みんなで守る地域の農地――世代を超えた協力体制

新発田市

 地域の農地は地域で守る──。新発田市中ノ目新田の農事組合法人「やじろべえ」は、こうした信念の基、儲(もう)けだけの農業ではなく「半農半X」のライフスタイルで所得と生きがいを確保しながら集落機能の維持に取り組んでいる。

力を合わせて作業するやじろべえの構成員
収入保険の説明を受ける渡辺さん(右)と岩淵さん

 同法人は2019年に設立。
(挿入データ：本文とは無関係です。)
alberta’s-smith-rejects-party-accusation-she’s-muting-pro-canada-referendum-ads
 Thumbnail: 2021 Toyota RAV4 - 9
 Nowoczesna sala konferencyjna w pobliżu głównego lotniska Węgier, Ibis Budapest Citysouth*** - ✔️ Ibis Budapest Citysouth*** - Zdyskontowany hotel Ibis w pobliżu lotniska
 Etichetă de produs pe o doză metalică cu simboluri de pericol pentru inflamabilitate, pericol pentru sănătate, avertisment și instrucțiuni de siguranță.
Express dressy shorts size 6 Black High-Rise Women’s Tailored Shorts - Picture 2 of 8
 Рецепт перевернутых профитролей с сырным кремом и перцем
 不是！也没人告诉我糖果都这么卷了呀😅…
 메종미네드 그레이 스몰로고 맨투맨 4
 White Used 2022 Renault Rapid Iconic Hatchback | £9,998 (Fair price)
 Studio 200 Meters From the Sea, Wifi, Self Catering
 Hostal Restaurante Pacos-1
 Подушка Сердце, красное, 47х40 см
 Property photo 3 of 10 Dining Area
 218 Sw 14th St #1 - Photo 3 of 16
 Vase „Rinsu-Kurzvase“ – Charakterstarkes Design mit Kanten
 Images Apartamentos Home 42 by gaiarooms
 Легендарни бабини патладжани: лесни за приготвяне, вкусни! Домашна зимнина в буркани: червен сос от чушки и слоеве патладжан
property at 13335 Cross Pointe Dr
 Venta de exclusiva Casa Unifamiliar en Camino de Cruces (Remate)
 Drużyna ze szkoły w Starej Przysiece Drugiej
11戸で構成され、平均年齢は60代半ばだ。30㌶からスタートした耕作面積は年々増加し、現在は50㌶まで拡大。昨年はライスセンターを新設した。
 今後も規模の拡大が見込まれているが「地域外の圃場は基本的に受託しない」と代表理事の渡辺守さん(66)は話す。徹底した効率化を図るために、圃場の集約と管理や作業体系を見直し、振り分けることで作業が効率よくできるようになった。「構成員やその家族にとって無理のない働き方ができることが、何より大切だ」と渡辺さん。
 また、若い世代にノウハウが継承できるように、若者と年配者が一緒に作業することを心掛けがけている。「地域農業を維持するためには、若い世代の協力が必要」と会計の岩渕昌勝さん(62)は話す。
 「昨年は出穂期ごろの高温による不稔(ふねん)粒の発生や登熟期の低温などの影響で、収穫量が平年より減少した。また、『新之助』が胴割れの被害で『その他うるち米』となり、収入にも影響が大きかった」と振り返る渡辺さん。収入安定のためのリスク管理として「収入保険について全員で相談し、前向きに検討していく」と話す。
 今後も半農半Xのスタイルで「やじろべえのようにしなやかにバランスを取りながら、構成員とその家族と一緒に地域の圃場を守り、農業を続けていきたい」と渡辺さんは目標を話している。